第7章 追憶
どのくらい寝たのだろうか。
瞼越しでも、強いオレンジ色の西日が差しているのがうっすらと分かる。
少し口惜しいが、ちょっとずつ目を開ける。
しかし、そこにあったのはいつもの見慣れた天井ではなかった。
唐突に枕やベッドにも違和感を覚え、上体を起こし、部屋をキョロキョロと見回す。
ここが病院の病室だと気がつくのにそう時間はかからなかった。
そして、自分の寝ていたベッドの左には、椅子に座った郡先輩が窓際に頬杖をついたまま寝ていた。

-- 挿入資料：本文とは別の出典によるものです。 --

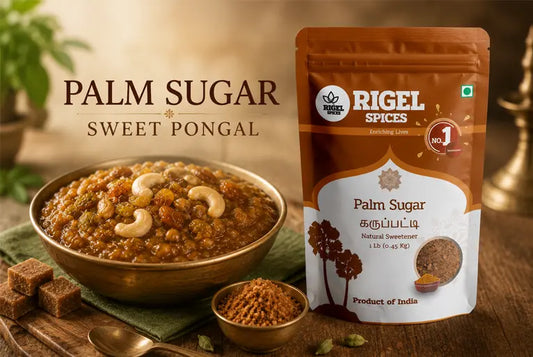 Traditional Palm Sugar Sweet Pongal prepared with Rigel Spices Palm Sugar, garnished with cashews and raisins.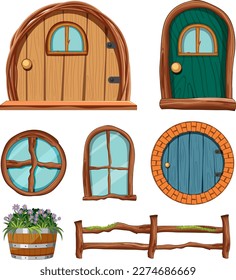 Set of fairy tales house elements illustration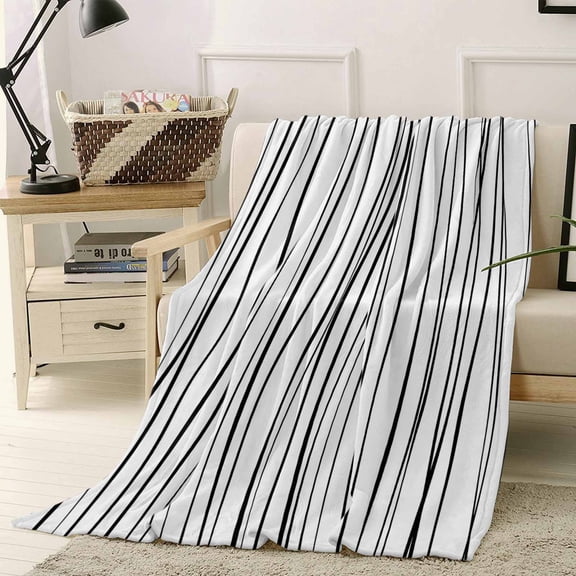 Throw Blanket Fleece Throw Blanket 40x50in, Abstract Lines Texture Soft Lightweight Bed Blankets Modern Black Stripes Fuzzy Couch Blankets for All Season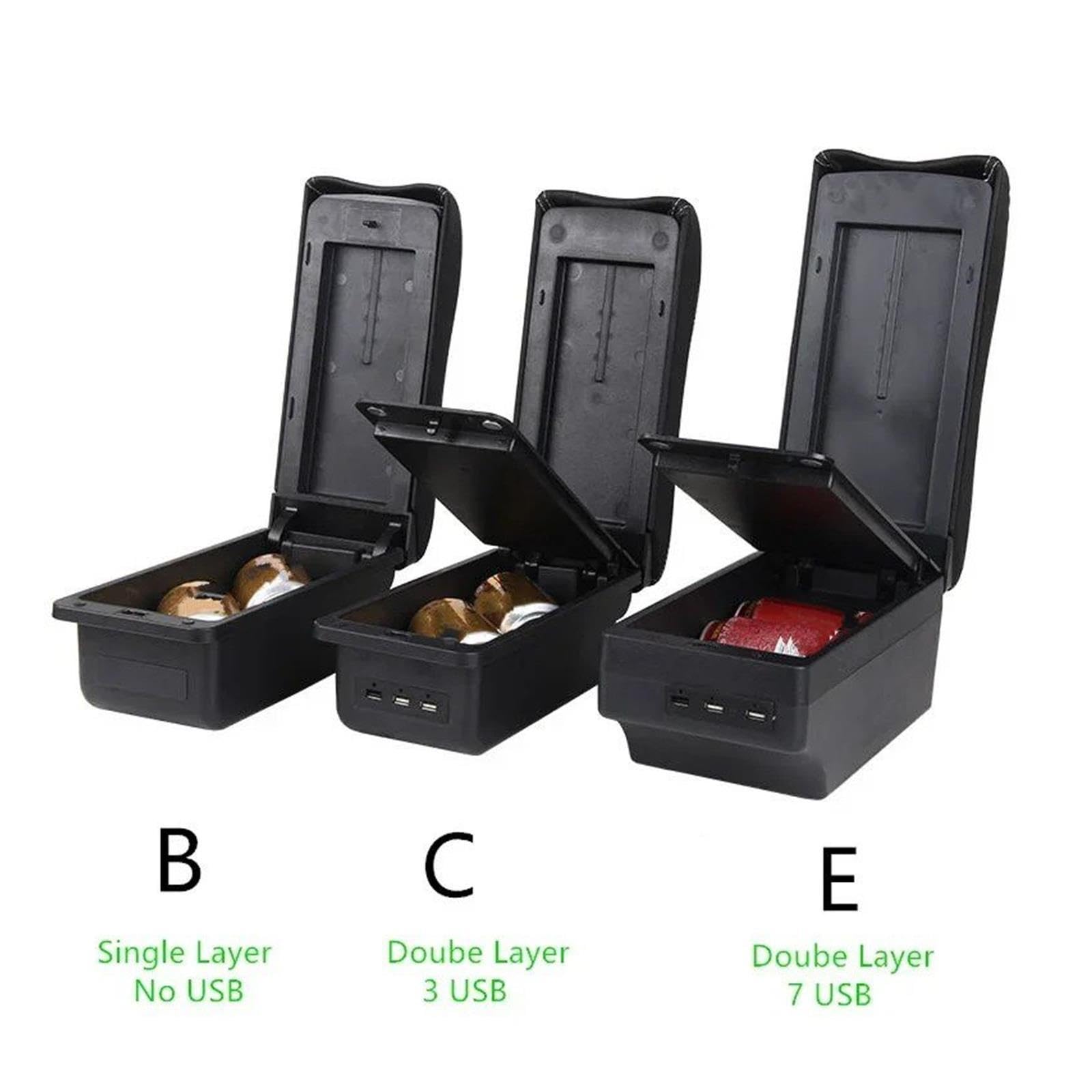 Para Peugeot 2008 208 2019-2024 Caja Reposabrazos Almacenamiento Coche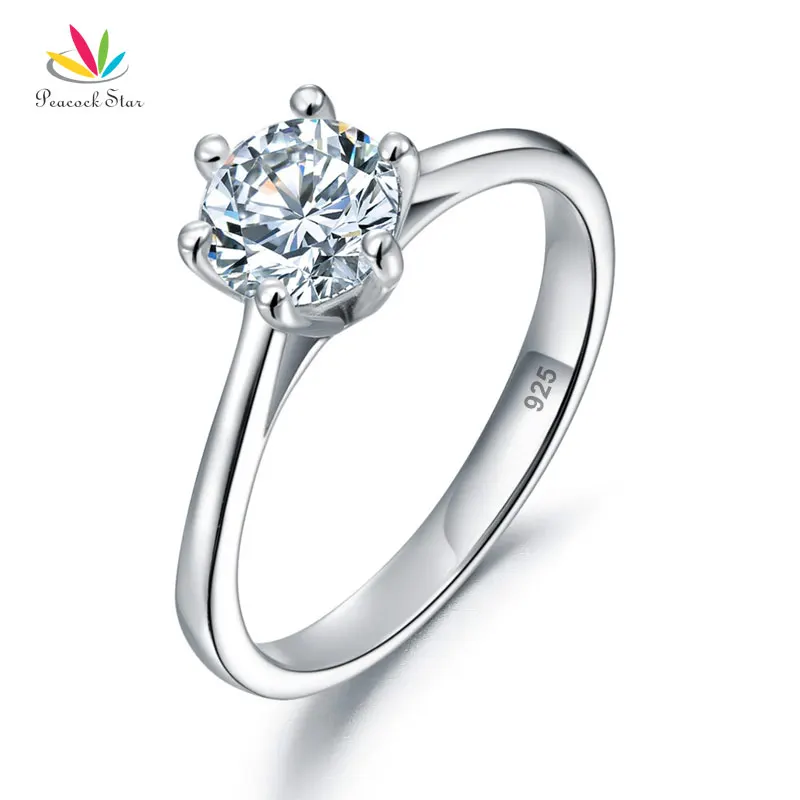 Peacock Star Solid 925 Sterling Silver Jewelry 1 Ct Engagement Ring 6 Claws Wedding Promise Solitaire CFR8316
Peacock Star Solid 925 Sterling Silver Jewelry 1 Ct Engagement Ring 6 Claws Wedding Promise Solitaire CFR8316
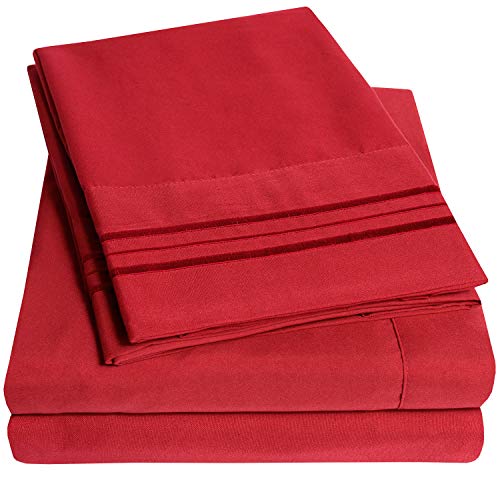 1500 Supreme Collection Bed Sheet Set - Extra Soft, Elastic Corner Straps, Deep Pockets, Wrinkle & Fade Resistant Hypoallergenic Sheets Set, Luxury Hotel Bedding, Full, Red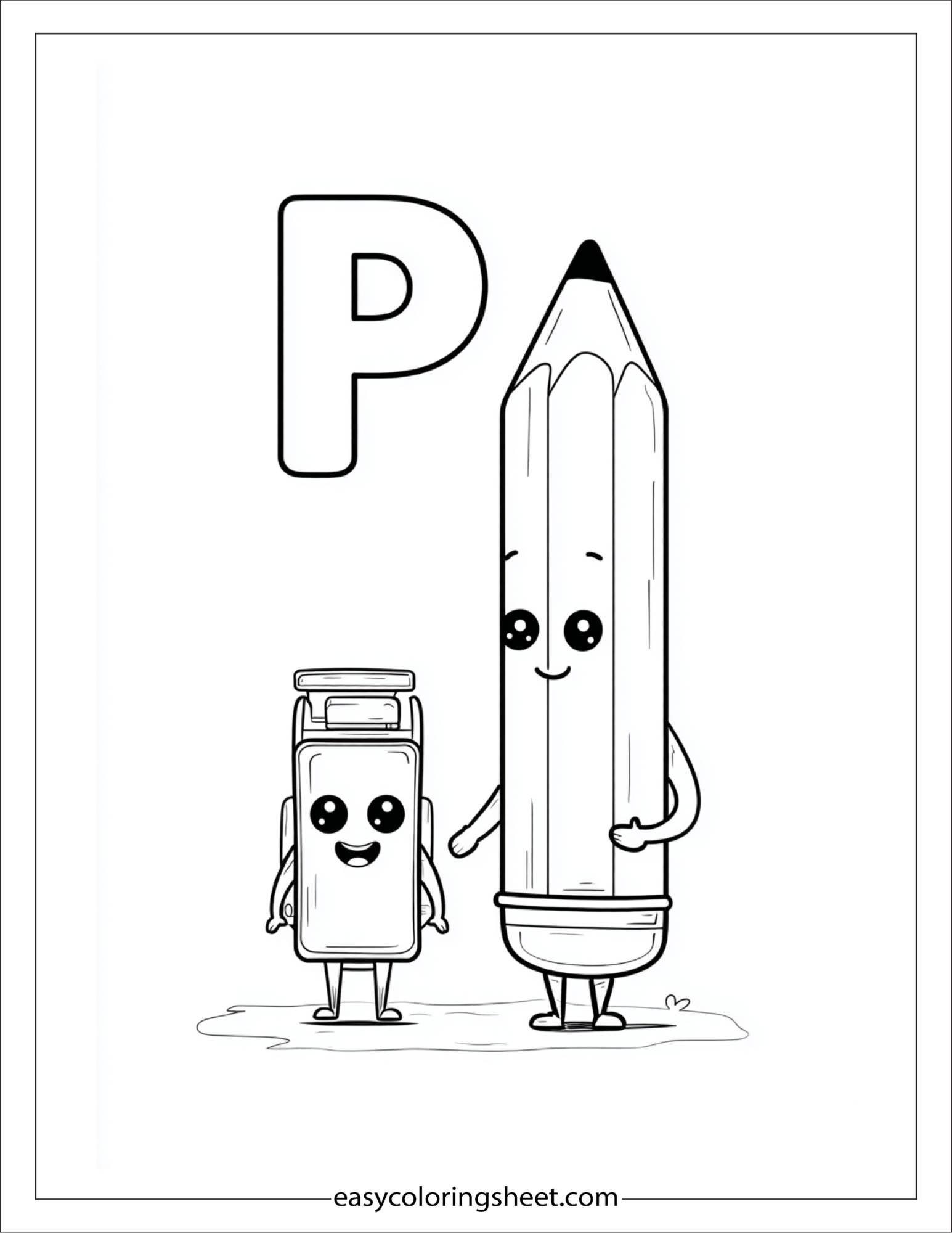alphabet P pencil sharpener coloring page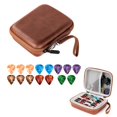 thumbnail image 3 of Guitar Picks Holder Case with 15Pcs Picks Plectrums Bag for Guitar Picks Acoustic Strings , Brown, 3 of 8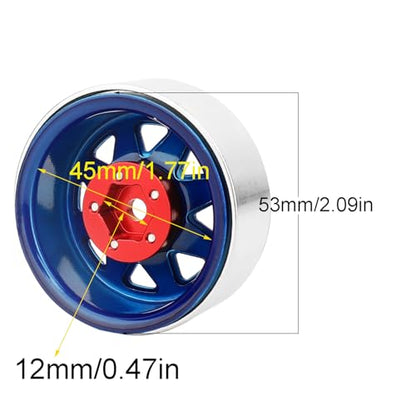 4PCS Metal 1.9" Beadlock Wheel Rim Set for 1/10 Axial 1/10 RC Crawler Auto Axial SCX10 90046 AXI03007 TRX4 VS4-10 Gen8 MST CFX (Blue)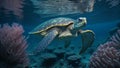 A green sea turtle swims over a coral reef. Royalty Free Stock Photo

どうして自分がここにいるのか、ぼんやりとした記憶を辿っても全く分からなかった。
パンケーキ屋さんで完食したところが私の記憶のセーブポイントだった。
困った私は、上司に声をかけた。
「郡先輩」
すると、先輩はすぐに飛び起きて...
「ちさき...!!体調は大丈夫?体に異変もない?熱は?今すぐ先生呼ぶから!!」
と口ばやに言って、私のおでこに手を当てた。
「ちょっ...!先輩いきなり何する...っ!えっ?」
抱きしめられた。
うわあああああ死んじゃうああああ何これめっちゃ恥ずかしいんですけどまじで先輩急に何をうわあああああ近い!近い!!反則すぎる
と声にならない叫びをしていたら、やっと先輩の腕から解放されて、
「ほんとに、ちさきが生きててよかった...3日以上原因不明の高熱で寝たきりだったから、すごく、ものすごく不安だった」
先輩が「はぁ...」と安堵していると、先生がやってきた。
聞くところによると、先輩は私が倒れてからずっと私の傍にいたらしい。
ほんとに、いい先輩を持ったなと思った。
その日の夜、夢を見ていた。
小さいころの夢。
私は、幼なじみの優兄と、誰かと遊んでいた。
「優兄、すごい!!!」
優兄からお花で作られた指輪を渡され、キャッキャッ騒ぐ私。
???「うるさいちさき!」
優「どーせ諒には作れないもん!」
優兄と諒が喧嘩を始めた。
なんで今までずっと忘れてたのだろう...幼なじみは優兄だけじゃなかったのに。
そう、あの日も私たちは3人で遊んでいたんだ。